The study presented in this article concerns the application of linked open data (LOD) to intelligent systems for the Web in order to increase their performance. Moreover, some techniques for modeling the user profile through the information extracted from social media are investigated. These tools are used to design a system able to provide the target user with personalized suggestions related to geolocalized points of interest (POIs) nearby her current position. Hence, our overall aim is to answer the following research question: can the combination of social and linked open data bring benefits to the domain of location-based recommender systems?

The rest of this article is structured as follows. In Section 2, we illustrate some works related to the system proposed herein. The recommendation problem is formulated in Section 3. In Section 4, the advanced RS is introduced, focusing on its requirements and functionalities. The experimental tests performed for evaluating the system performance and the results achieved are reported in Section 5. Finally, we draw our conclusions and outline some possible future developments of this work in Section 6.

2 Related work

In this paper, we propose a personalized recommender of points of interest based on social and linked open data. This section describes some systems in the research literature, which offered useful hints for the approach presented here.

As for POI recommendation, many useful and efficient systems have been proposed in the literature [7, 8]. Among these, the authors of [9] provide a twofold contribution. In order to better characterize the target user’s interests, they first consider a preference model based not only on her check-ins, but also comments on venues, processed through text-based sentiment analysis techniques. The authors then propose a matrix factorization approach (called location-based social matrix factorization, LBSMF) enhanced to include the effects of social influence and venue similarity in the location recommendation algorithm.

In [10], the matrix factorization approach is further extended for considering the semantic attitudes, that is, sentiment, volume, and objectivity, extracted from user-generated content. Potential temporal alterations of users’ attitudes are also taken into consideration in the proposed model.

The SEAL (Sentiment-EnhAnced Location search) system proposed in [11] is a fine-grained preference-aware location search framework that exploits the information in the content generated by users on LBSNs. This system resorts to a factorization technique based on a three-way tensor to consider positive and negative user’s preferences in the process of personalized location ranking.

The authors of [12] present a spatial temporal activity preference (STAP) model to address the problem of the high dimensionality and sparsity of the data to be handled. This model considers the spatial and temporal features of users’ activities separately and employs tensor factorization techniques to extract their preferences from check-ins. The experiments performed on real data from two popular LBSNs allowed the authors to show the better performance of their model than those of other state-of-the-art approaches.

Also the recommender system proposed in [13] is able to take into account how user’s interests evolve over time.

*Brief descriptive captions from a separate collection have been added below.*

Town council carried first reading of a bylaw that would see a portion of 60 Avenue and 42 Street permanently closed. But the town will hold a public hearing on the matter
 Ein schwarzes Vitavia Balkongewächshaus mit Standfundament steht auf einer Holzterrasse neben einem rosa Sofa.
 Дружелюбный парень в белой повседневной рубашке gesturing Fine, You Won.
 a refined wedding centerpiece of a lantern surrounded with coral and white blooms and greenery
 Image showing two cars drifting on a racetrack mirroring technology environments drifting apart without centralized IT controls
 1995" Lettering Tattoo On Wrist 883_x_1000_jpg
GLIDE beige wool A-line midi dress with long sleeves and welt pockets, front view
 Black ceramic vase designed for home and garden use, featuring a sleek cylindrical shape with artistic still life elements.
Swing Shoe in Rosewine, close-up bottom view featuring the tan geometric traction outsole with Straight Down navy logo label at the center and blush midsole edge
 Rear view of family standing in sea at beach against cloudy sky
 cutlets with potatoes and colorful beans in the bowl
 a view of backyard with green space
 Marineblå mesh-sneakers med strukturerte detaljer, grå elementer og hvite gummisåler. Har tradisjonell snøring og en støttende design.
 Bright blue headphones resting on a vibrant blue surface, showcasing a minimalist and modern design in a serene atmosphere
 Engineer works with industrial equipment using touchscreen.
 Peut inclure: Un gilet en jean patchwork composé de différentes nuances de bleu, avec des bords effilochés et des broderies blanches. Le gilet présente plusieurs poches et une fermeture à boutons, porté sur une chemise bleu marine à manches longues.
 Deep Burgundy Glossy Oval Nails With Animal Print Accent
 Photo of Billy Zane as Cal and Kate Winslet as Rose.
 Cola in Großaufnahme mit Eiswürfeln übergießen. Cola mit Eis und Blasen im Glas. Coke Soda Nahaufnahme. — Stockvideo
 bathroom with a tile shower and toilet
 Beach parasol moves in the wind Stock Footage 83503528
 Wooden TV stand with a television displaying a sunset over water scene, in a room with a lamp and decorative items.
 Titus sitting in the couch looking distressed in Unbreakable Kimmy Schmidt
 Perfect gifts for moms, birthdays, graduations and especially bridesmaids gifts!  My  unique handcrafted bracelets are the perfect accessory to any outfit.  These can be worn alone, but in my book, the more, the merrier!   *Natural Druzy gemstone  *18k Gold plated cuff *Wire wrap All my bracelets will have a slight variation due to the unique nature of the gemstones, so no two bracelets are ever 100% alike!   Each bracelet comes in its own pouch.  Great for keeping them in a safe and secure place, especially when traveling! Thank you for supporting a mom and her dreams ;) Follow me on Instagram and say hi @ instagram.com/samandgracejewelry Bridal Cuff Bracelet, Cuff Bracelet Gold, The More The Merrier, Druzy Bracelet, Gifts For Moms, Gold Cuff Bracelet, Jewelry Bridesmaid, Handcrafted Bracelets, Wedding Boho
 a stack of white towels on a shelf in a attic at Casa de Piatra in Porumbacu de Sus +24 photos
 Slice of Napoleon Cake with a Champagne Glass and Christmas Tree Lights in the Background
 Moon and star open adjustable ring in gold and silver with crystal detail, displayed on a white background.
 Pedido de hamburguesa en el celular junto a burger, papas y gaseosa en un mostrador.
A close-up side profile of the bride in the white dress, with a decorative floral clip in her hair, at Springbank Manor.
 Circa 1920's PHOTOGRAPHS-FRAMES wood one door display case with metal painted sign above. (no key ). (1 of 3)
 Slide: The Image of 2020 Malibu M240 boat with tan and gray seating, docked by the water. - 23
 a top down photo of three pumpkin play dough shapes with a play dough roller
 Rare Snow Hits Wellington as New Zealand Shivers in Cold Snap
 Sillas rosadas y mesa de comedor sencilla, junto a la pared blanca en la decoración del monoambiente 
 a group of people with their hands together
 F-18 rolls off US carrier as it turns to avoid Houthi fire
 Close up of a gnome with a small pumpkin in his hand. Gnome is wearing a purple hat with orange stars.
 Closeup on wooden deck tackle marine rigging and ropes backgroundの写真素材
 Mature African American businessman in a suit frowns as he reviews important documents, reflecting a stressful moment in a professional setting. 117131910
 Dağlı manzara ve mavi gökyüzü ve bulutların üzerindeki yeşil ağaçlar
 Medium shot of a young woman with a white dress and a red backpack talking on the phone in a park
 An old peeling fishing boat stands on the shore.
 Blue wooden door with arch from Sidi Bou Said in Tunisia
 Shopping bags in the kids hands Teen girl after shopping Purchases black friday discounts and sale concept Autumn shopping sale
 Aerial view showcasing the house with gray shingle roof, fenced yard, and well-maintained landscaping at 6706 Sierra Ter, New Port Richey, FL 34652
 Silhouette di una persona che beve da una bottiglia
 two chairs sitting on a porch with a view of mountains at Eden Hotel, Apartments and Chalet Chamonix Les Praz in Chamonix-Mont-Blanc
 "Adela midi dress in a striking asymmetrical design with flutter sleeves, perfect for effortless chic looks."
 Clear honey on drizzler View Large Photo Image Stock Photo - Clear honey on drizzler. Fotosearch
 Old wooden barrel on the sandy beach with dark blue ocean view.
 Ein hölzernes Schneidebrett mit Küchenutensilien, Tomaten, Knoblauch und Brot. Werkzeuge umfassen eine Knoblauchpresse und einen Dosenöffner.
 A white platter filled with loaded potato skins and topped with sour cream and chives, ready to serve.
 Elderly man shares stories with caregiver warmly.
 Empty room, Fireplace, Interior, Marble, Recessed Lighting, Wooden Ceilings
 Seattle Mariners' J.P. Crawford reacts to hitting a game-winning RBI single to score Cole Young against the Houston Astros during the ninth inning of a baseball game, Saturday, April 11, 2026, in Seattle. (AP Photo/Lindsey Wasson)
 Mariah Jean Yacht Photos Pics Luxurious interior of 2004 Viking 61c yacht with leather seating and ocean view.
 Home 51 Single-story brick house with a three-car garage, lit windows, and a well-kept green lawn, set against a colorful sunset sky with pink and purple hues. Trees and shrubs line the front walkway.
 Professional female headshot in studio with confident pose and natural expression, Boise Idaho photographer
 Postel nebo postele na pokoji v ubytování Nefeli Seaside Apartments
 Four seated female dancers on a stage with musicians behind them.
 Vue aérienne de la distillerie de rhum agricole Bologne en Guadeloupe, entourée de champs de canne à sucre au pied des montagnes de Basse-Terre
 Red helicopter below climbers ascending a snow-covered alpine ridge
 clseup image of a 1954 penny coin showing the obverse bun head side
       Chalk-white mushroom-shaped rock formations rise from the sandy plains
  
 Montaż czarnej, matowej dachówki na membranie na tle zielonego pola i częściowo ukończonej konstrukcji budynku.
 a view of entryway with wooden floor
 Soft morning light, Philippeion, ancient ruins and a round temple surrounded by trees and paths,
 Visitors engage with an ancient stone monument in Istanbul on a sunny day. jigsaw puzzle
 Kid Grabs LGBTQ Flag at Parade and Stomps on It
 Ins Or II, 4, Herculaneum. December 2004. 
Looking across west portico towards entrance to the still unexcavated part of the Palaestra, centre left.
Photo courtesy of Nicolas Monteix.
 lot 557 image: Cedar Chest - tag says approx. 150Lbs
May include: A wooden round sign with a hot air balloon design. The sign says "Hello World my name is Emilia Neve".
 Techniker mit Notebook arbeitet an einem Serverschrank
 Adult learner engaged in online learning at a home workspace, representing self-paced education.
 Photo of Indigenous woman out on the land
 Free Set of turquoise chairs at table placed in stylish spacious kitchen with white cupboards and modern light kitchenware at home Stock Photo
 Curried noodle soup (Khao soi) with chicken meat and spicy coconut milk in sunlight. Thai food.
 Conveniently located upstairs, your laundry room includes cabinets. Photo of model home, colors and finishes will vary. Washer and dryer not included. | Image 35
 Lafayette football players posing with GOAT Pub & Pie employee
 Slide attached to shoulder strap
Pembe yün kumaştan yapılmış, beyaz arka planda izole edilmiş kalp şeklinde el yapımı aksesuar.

The basic idea underlying such an approach, named bag-of-signals, is to model each potential user’s interest as a signal.

As for LOD technologies, they have found various uses not only in experimental systems, designed with the purpose of exploring the potential of the Semantic Web, but also in practical applications. Currently, it is possible to identify three types of LOD-based applications [14]: browsers, search engines, and specific applications. In this scenario, we focus on the latter, particularly on RSs that take advantage of LOD. Many examples of RSs are presented in the literature, but those that integrate semantic techniques with linked open data are still a minority. What motivates this caution towards LOD is probably given by their sectoral characteristic: if for some domains of interest there are updated and rich datasets, the same cannot be claimed for others. This phenomenon is likely to gradually decrease, as the LOD cloud is constantly expanding. Below, we report a quick overview of some representative studies conducted in this regard. In [15], the author proposes several theoretical methods for assessing the semantic distance between two entities, which can be seen as a measure of how closely related they are. This theory has been taken up in several works to develop recommender systems.

The authors of [16] advance the use of semantic relations of objects positively evaluated in the past by the active user to suggest new relevant elements to her. The relationship between the two objects allows for the explanation of the recommendation as well. Furthermore, the authors also analyze the problem of recognizing semantic relations actually relevant to the purpose of an application. This aspect becomes even more significant when the relationships involve different ontologies. Through a series of tests conducted on real users, the authors were able to identify the semantic patterns leading to the most interesting results and exclude those that are not relevant.

A similar concept is studied in [17] for content-based filters. Whereas in traditional systems the similarity between two objects is calculated based on their descriptions, the authors exploit LOD to express the concept of similarity as the amount of shared similar information. In other terms, two resources can be considered similar if in the RDF graph that constitutes LOD,

  • they are directly connected through a predicate;

  • they are the subjects of two triples with the same predicate and object;

  • they are the objects of two triples with the same subject and predicate.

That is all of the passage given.